[Problem details] Go to the line holding "185 Palisade Avenue A4B" in the data below. Return it and each line after it through the last, exactly, and skip the pictures.

Caption-style text data
┌────────
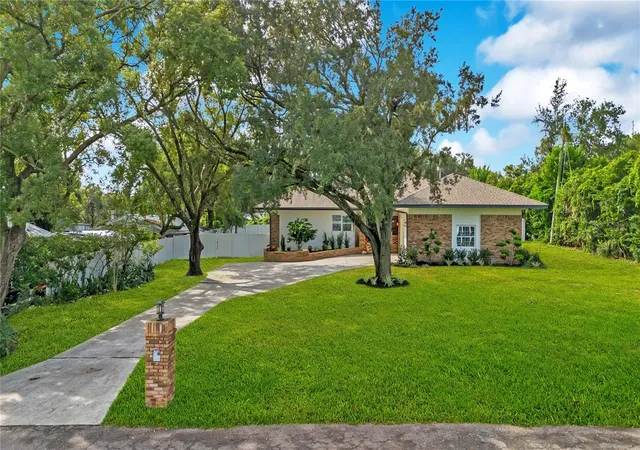 Photo 1 of Single family home for sale at 2637 Grace Manor, Lakeland, FL 33812 | MLS# L4965699 | Listing updated on 2026-10-28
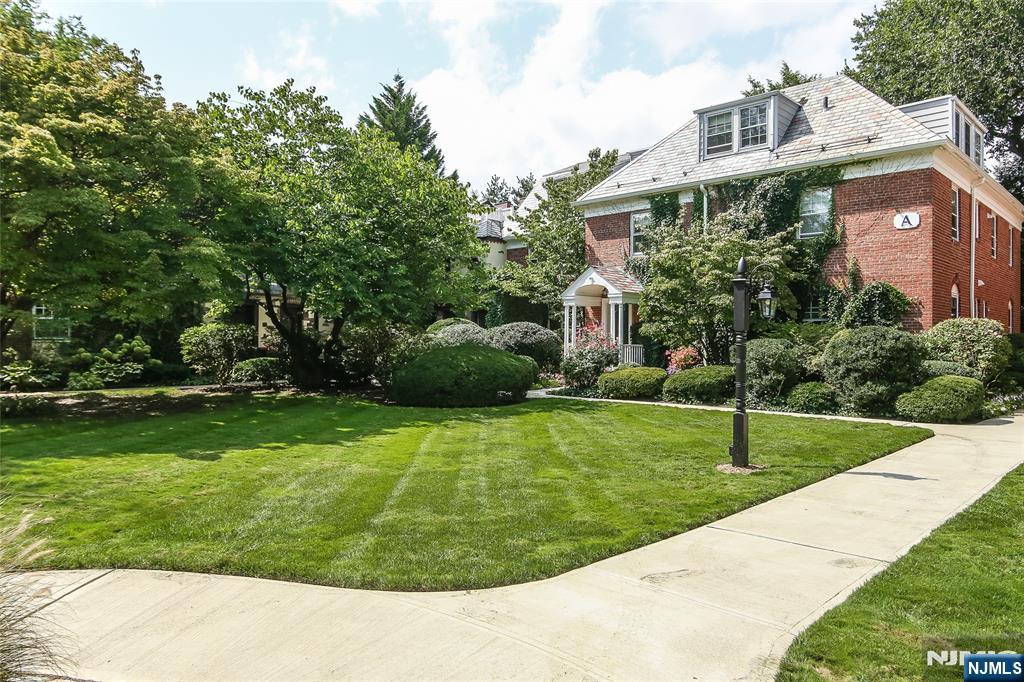185 Palisade Avenue A4B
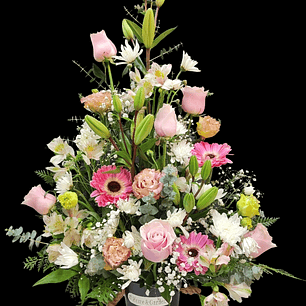 Vertical de rosas rosadas en balde metálico 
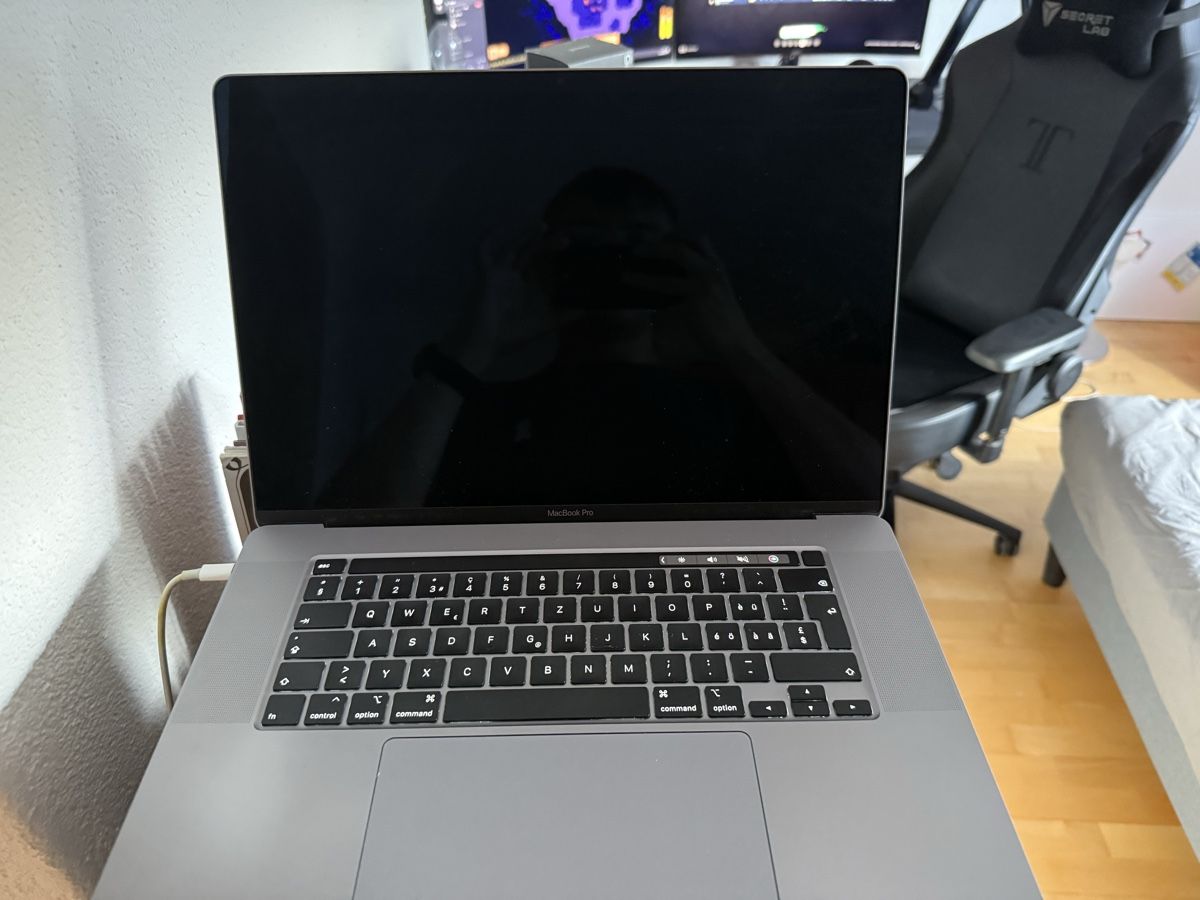 Apple Portables: Macbook Pro 16“ (Late 2019) – D'occasion à Davos Dorf par Nino.Schneider 1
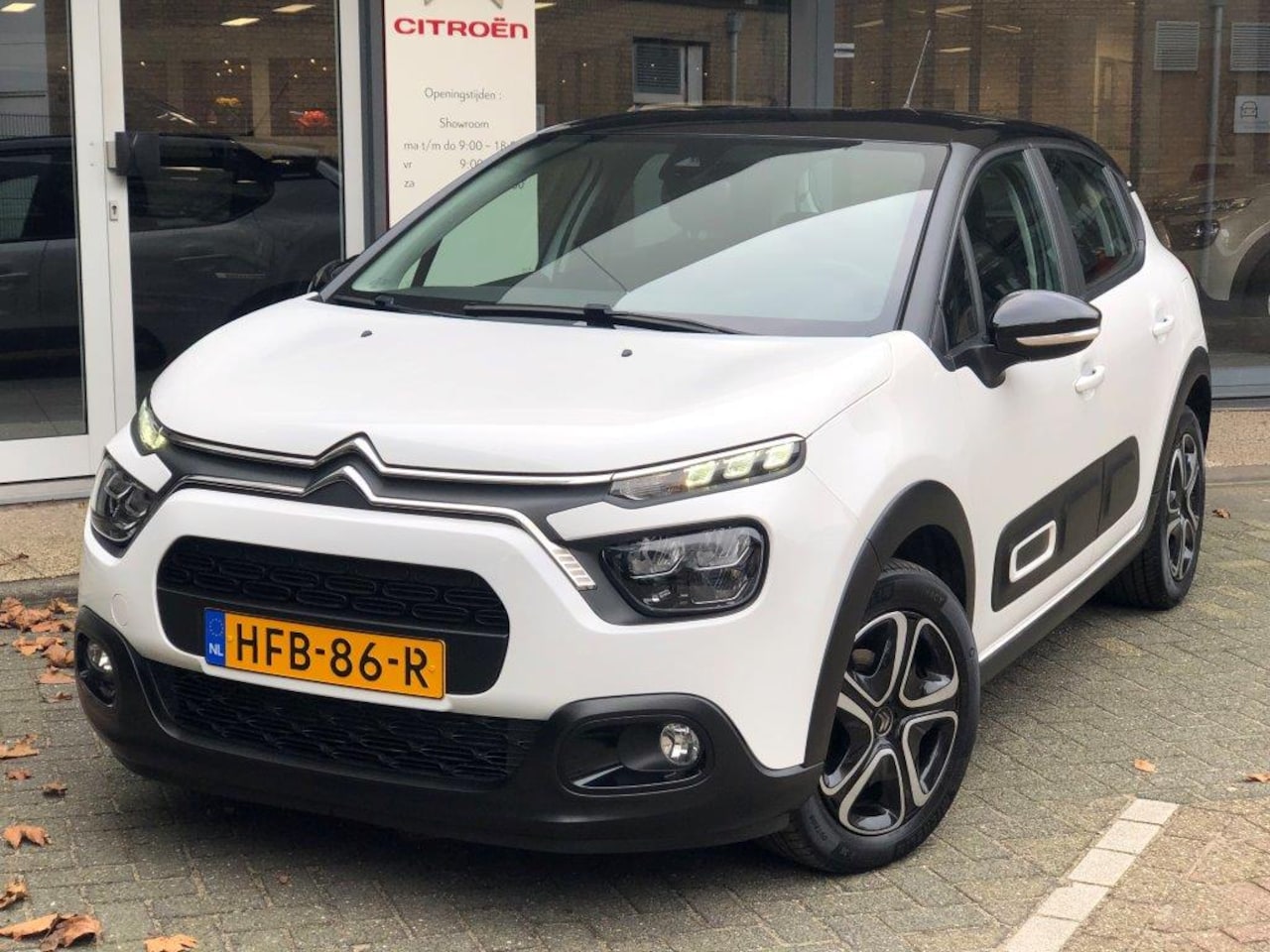 Citroën C3 - SHINE AUTOMAAT NAVIGATIE - AutoWereld.nl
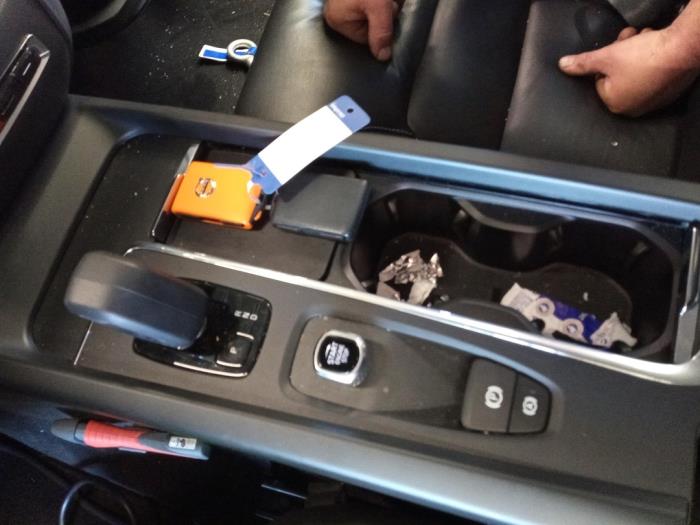 Volvo V60 II 2.0 B3 16V Mild Hybrid Sloopvoertuig (2022, Zwart)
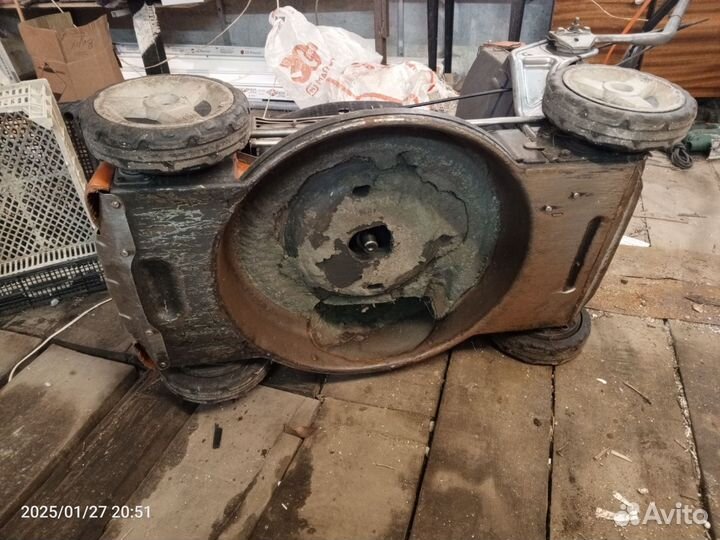 Газонокосилка бензиновая на запчасти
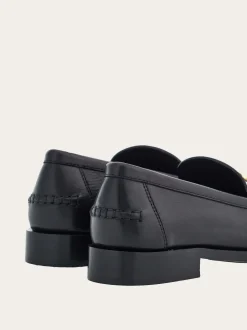 Moccasin with Gancini ornament - Women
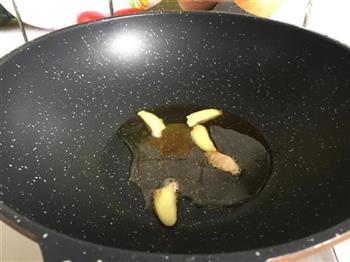 昂刺鱼丝瓜汤的做法图解2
└────────
[Answer area]
185 Palisade Avenue A4B
 Vertical de rosas rosadas en balde metálico 
 Apple Portables: Macbook Pro 16“ (Late 2019) – D'occasion à Davos Dorf par Nino.Schneider 1
 Citroën C3 - SHINE AUTOMAAT NAVIGATIE - AutoWereld.nl
 Volvo V60 II 2.0 B3 16V Mild Hybrid Sloopvoertuig (2022, Zwart)
 Газонокосилка бензиновая на запчасти
 Moccasin with Gancini ornament - Women
 昂刺鱼丝瓜汤的做法图解2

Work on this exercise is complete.